Input data:
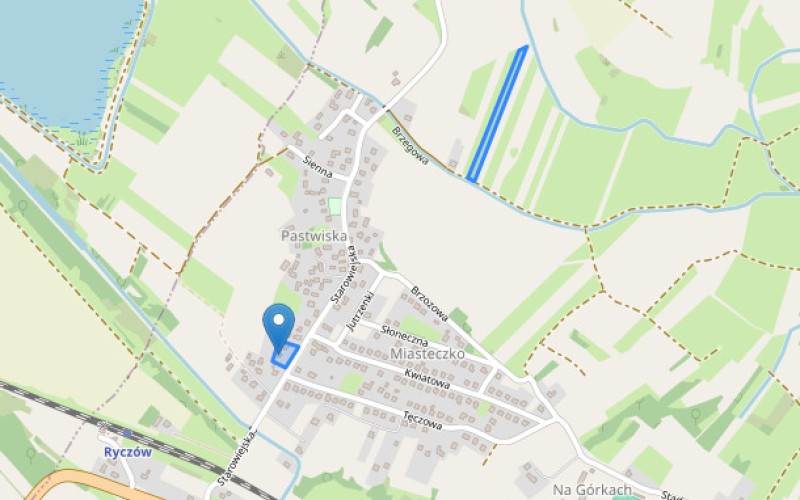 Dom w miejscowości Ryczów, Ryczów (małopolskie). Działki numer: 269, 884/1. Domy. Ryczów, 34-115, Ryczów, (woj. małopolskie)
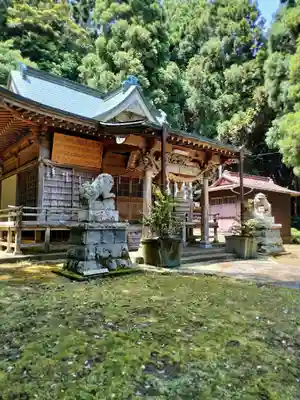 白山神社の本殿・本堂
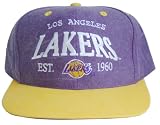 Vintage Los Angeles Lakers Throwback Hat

Task goal: With the pictures left out, transcribe the material exactly.

Solved exercise:
 Dom w miejscowości Ryczów, Ryczów (małopolskie). Działki numer: 269, 884/1. Domy. Ryczów, 34-115, Ryczów, (woj. małopolskie)
 白山神社の本殿・本堂
 Vintage Los Angeles Lakers Throwback Hat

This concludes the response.